A principios del siglo XX continuaba siendo así, a pesar de que con el cilindro de cera, comercializado a partir de finales de la década de 1880, sí se podía escuchar la voz del cantante en casa sin necesidad de que estuviera presente, pero la tecnología no permitía un gran número de copias y su mercado era verdaderamente limitado, de manera que no daba para influir en los gustos de la sociedad ni para sustituir costumbres de consumo (recordemos que los primeros discos planos recién comenzarían a venderse a partir de 1910).

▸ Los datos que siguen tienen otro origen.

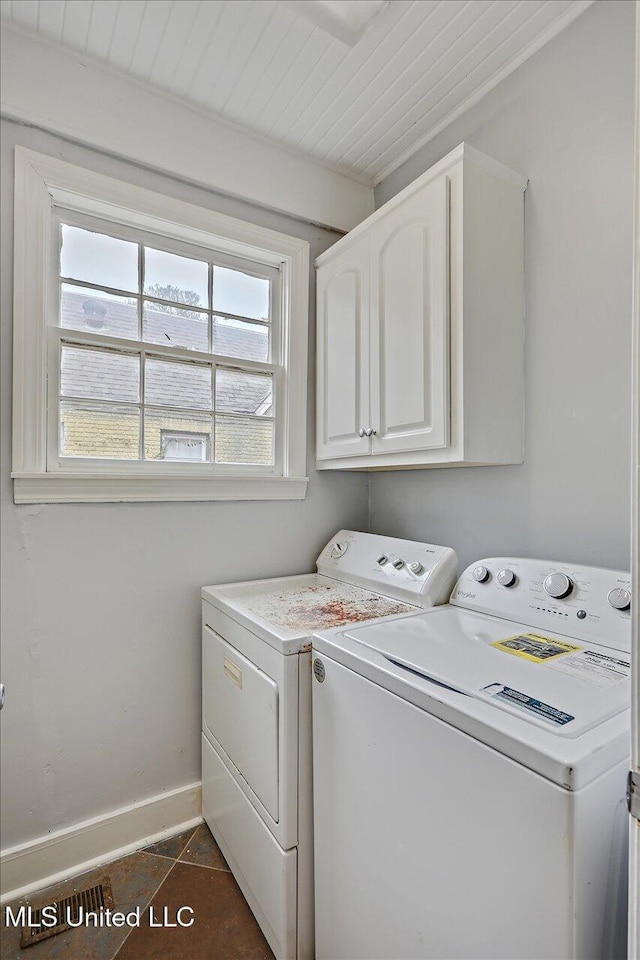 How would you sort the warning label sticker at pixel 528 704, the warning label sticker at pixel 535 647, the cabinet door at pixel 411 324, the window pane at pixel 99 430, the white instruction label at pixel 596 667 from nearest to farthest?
the warning label sticker at pixel 528 704 < the white instruction label at pixel 596 667 < the warning label sticker at pixel 535 647 < the cabinet door at pixel 411 324 < the window pane at pixel 99 430

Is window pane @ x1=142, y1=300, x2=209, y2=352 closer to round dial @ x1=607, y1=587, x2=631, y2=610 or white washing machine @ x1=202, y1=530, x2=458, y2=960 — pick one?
white washing machine @ x1=202, y1=530, x2=458, y2=960

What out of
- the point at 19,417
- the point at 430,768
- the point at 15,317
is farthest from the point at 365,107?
the point at 430,768

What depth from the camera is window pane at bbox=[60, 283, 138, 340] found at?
1.70m

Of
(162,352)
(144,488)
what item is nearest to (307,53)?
(162,352)

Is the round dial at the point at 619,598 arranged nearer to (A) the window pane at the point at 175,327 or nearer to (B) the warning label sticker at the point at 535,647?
(B) the warning label sticker at the point at 535,647

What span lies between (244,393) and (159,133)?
0.98 metres

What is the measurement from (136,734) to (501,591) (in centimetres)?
137

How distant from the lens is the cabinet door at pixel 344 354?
6.05 ft

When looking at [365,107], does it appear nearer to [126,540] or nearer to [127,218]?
[127,218]

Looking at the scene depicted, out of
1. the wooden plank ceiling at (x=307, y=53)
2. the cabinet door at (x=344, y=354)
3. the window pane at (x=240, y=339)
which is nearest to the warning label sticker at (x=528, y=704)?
the cabinet door at (x=344, y=354)

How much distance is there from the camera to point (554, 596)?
1266 mm

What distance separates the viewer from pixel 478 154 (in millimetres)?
1440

En sus inicios, en la década de 1880, las editoras musicales eran oficinas que prestaban muy poca atención a la música popular. El grueso de su catálogo de partituras estaba compuesto de música “seria” y manuales de carácter docente. La lista de las partituras más vendidas se había fosilizado, eran las mismas obras desde hacía años. Sus iniciativas comerciales eran muy poco sofisticadas: imprimían una obra, avisaban a los minoristas habituales y la añadían al stock en espera de que llegara el pedido, y se reimprimían cuando se agotaban, así de simple. De hecho estos negocios se autodenominaban Music Printers (impresores de música), en lugar de Music Publishers (Editoriales musicales), como se los conoce hoy en día. Estas empresas no se esforzaban en absoluto por crear alguna necesidad en el cliente final. Era un negocio con una actitud comercial pasiva y rutinaria, pero que pronto iba a sufrir una enorme revolución. La historia de esta revolución es el relato de cómo unas compañías editoras agresivas sentaron las bases de la industria musical en los EE.UU., monopolizando el mercado de la música popular durante décadas.

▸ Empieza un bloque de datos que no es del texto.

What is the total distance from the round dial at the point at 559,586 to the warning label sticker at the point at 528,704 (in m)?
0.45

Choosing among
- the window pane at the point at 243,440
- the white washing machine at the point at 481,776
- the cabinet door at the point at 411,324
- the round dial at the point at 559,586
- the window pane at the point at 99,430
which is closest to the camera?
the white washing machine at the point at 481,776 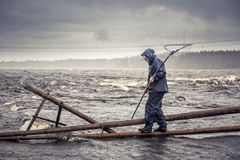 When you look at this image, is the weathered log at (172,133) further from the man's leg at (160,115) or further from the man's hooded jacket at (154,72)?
the man's hooded jacket at (154,72)

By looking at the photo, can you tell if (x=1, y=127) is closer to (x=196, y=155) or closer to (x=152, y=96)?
(x=152, y=96)

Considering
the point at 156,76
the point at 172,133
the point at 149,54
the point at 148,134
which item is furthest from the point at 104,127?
the point at 149,54

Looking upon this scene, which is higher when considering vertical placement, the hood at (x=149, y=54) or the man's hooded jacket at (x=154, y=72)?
the hood at (x=149, y=54)

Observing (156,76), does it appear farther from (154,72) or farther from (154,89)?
(154,89)

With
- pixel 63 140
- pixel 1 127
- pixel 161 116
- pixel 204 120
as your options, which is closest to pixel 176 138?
pixel 161 116

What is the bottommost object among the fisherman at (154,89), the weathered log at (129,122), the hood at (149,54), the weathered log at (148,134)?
the weathered log at (148,134)

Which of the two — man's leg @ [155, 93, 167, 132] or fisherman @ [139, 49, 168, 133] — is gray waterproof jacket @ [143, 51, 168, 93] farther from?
man's leg @ [155, 93, 167, 132]

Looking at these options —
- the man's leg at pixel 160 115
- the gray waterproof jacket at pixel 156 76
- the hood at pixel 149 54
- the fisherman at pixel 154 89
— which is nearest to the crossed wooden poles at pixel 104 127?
the man's leg at pixel 160 115

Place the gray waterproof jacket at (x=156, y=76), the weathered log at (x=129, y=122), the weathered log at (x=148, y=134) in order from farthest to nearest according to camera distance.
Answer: the weathered log at (x=148, y=134), the gray waterproof jacket at (x=156, y=76), the weathered log at (x=129, y=122)

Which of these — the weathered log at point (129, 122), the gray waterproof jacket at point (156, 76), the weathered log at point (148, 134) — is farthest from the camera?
the weathered log at point (148, 134)

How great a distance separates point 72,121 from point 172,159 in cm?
730

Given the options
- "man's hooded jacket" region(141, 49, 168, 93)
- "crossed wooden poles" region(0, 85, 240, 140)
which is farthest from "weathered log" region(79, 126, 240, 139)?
"man's hooded jacket" region(141, 49, 168, 93)

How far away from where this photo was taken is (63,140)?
953 cm

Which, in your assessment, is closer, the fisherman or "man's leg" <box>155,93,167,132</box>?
the fisherman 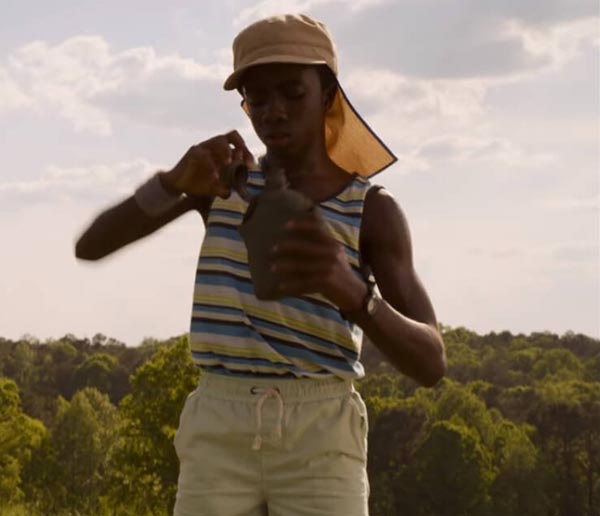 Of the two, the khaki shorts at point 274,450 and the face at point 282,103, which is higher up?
the face at point 282,103

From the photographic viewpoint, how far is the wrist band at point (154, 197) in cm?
369

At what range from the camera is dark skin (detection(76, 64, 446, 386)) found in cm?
346

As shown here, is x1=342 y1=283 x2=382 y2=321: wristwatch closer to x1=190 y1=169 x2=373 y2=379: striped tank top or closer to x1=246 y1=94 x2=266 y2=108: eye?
x1=190 y1=169 x2=373 y2=379: striped tank top

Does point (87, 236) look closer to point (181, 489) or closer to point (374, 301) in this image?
point (181, 489)

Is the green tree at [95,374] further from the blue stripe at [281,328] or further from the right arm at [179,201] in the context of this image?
the blue stripe at [281,328]

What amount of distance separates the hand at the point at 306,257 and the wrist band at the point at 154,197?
2.90ft

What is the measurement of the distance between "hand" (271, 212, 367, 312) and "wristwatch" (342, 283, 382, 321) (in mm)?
248

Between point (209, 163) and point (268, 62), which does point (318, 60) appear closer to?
point (268, 62)

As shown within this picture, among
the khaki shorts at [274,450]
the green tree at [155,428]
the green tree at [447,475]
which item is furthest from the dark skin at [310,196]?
the green tree at [447,475]

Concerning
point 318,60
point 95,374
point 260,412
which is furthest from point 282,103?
point 95,374

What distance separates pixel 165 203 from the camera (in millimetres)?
3703

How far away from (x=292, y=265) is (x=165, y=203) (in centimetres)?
98

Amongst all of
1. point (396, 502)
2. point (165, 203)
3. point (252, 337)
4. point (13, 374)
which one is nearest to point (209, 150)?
point (165, 203)

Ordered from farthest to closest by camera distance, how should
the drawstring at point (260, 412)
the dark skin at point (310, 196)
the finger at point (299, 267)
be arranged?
the drawstring at point (260, 412) < the dark skin at point (310, 196) < the finger at point (299, 267) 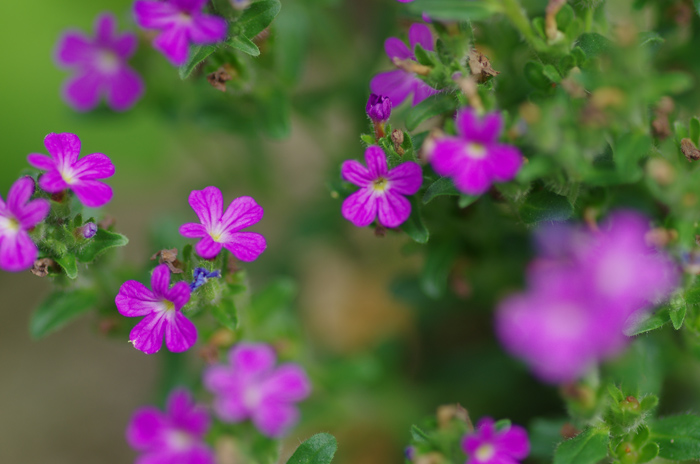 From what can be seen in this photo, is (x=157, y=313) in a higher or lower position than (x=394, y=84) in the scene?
lower

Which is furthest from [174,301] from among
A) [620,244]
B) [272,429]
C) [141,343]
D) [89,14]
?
[89,14]

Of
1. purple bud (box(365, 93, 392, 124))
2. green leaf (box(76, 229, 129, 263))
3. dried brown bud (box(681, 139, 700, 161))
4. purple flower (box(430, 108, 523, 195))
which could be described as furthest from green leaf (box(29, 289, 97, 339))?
dried brown bud (box(681, 139, 700, 161))

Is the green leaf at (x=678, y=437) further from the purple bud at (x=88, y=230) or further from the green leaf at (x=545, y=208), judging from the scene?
the purple bud at (x=88, y=230)

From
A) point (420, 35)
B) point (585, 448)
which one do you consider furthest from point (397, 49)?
point (585, 448)

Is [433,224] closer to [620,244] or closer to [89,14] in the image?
[620,244]

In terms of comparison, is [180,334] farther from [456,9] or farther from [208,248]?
[456,9]

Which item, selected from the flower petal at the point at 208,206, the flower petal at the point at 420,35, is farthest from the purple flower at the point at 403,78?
the flower petal at the point at 208,206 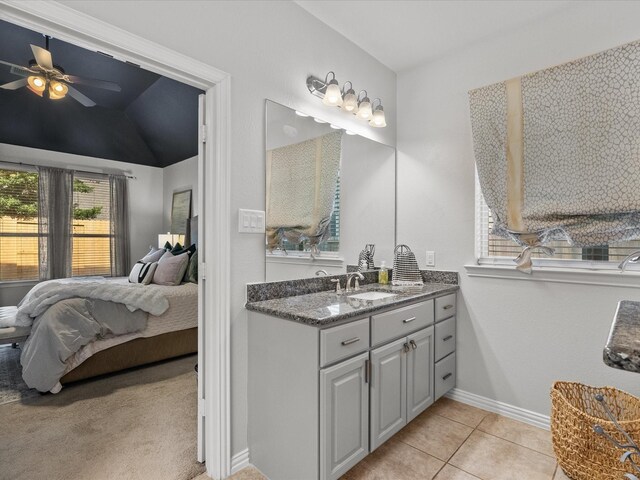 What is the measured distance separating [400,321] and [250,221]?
100 cm

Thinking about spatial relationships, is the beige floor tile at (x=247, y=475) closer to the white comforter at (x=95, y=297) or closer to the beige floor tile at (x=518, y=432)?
the beige floor tile at (x=518, y=432)

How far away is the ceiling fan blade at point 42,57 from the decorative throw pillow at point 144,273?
2042 mm

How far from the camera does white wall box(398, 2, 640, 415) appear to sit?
2023 millimetres

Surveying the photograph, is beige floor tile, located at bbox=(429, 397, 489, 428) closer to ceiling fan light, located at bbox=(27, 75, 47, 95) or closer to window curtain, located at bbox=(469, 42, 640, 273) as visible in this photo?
window curtain, located at bbox=(469, 42, 640, 273)

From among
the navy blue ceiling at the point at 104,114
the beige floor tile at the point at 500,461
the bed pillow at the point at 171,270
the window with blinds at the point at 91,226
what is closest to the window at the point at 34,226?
the window with blinds at the point at 91,226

El callejón de las cacerolas de estaño

A finales del siglo XIX en los EE.UU. la propiedad intelectual de las obras literarias y los derechos de sus autores estaban bien protegidos y regulados por las leyes, pero con las obras musicales no pasaba lo mismo. El plagio era una costumbre bastante extendida, cuando no la apropiación directa. Lo de la propiedad intelectual era un concepto extraño al ideario liberal: las cosas materiales tenían dueño, pero con lo intangible no estaba tan claro. Este escenario desanimaba a muchos autores a registrar sus canciones, y tampoco los alentaba a componer otras nuevas.

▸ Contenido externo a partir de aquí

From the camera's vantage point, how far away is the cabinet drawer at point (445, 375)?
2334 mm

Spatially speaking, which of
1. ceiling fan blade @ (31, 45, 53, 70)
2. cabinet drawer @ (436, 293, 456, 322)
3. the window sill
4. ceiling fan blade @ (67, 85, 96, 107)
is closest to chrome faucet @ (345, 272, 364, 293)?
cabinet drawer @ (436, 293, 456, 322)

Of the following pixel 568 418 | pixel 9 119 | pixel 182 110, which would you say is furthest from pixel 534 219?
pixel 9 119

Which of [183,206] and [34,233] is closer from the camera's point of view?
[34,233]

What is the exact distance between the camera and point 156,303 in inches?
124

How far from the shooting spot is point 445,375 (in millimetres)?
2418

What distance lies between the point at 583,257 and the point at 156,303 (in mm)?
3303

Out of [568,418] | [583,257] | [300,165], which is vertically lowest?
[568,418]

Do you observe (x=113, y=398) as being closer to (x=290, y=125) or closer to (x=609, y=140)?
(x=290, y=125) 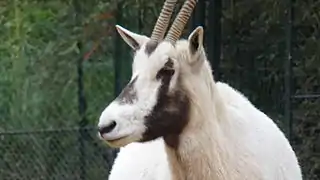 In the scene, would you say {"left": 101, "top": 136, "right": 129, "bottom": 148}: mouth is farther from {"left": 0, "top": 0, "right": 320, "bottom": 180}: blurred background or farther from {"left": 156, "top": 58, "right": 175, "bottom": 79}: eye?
{"left": 0, "top": 0, "right": 320, "bottom": 180}: blurred background

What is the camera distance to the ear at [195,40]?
16.6 feet

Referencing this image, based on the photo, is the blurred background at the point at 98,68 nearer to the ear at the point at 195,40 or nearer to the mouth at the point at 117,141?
the ear at the point at 195,40

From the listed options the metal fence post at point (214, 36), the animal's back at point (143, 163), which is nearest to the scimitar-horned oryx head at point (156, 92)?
the animal's back at point (143, 163)

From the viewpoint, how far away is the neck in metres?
5.23

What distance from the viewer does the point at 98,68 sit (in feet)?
32.4

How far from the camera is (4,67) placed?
34.0 feet

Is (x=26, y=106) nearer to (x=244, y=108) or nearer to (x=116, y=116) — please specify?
(x=244, y=108)

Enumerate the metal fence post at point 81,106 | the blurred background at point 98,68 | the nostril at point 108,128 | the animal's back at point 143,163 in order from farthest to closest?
the metal fence post at point 81,106 < the blurred background at point 98,68 < the animal's back at point 143,163 < the nostril at point 108,128

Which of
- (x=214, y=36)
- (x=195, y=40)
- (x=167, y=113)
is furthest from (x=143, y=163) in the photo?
(x=214, y=36)

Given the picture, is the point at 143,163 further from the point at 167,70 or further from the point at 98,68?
the point at 98,68

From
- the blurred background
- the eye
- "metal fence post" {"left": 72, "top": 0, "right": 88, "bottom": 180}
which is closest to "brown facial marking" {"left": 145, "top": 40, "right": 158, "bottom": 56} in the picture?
the eye

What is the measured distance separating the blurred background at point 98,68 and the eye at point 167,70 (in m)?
3.33

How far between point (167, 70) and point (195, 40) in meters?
0.21

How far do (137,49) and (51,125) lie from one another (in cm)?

Fue entonces cuando a un grupo de editoras musicales se les ocurrió empezar a instalar sus oficinas en Nueva York, más precisamente en la 28th Street, en el distrito de los teatros de Broadway, que eran sus principales clientes potenciales. En el momento más deslumbrante de Broadway, en los años 20´, había cerca de ochenta teatros que estrenaban unas doscientas cincuenta producciones anuales. Eso, sin duda, son muchas canciones.

Se dice que en 1894 a un periodista del New York Herald Tribune se le ocurrió bautizar a ese conjunto de compañías editoras con el nombre de “Tin Pan Alley” (callejón de las cacerolas de estaño) por el ruido que se generaba con tanto piano tocando cosas diferentes a la vez. Y ese nombre se fue haciendo popular hasta convertirse en... una marca.

Esta llamativa concentración de productores, compositores, letristas y editores musicales con talento y empuje empresarial que se fue instalando en un puñado de edificios en el centro de Manhattan revolucionó radicalmente el negocio de la música popular norteamericana.

En los cuarenta años siguientes, algunas de estas compañías absorberían el catálogo de otras editoras, fundarían agencias en Chicago, San Francisco, Londres, París, Toronto, La Habana, Melbourne… tendrían acciones en compañías musicales y en teatros, iniciarían la venta de partituras por correo, editarían un boletín mensual y encabezarían la lucha por la reforma de las leyes de propiedad intelectual y derechos de autor, participando activamente en la fundación de la Asociación de Editores (Music Publishers Association) y en el lobby que consiguió, en 1909, que se legislara en defensa de los derechos del compositor y del letrista, obligando a las discográficas a pagar un canon por la venta de discos. Y co-fundando además, en 1914, la Sociedad Americana de Compositores, Autores y Editores (ASCAP), que velaba por el cumplimiento legal y se encargaba de la recaudación y del reparto de lo recaudado entre sus asociados.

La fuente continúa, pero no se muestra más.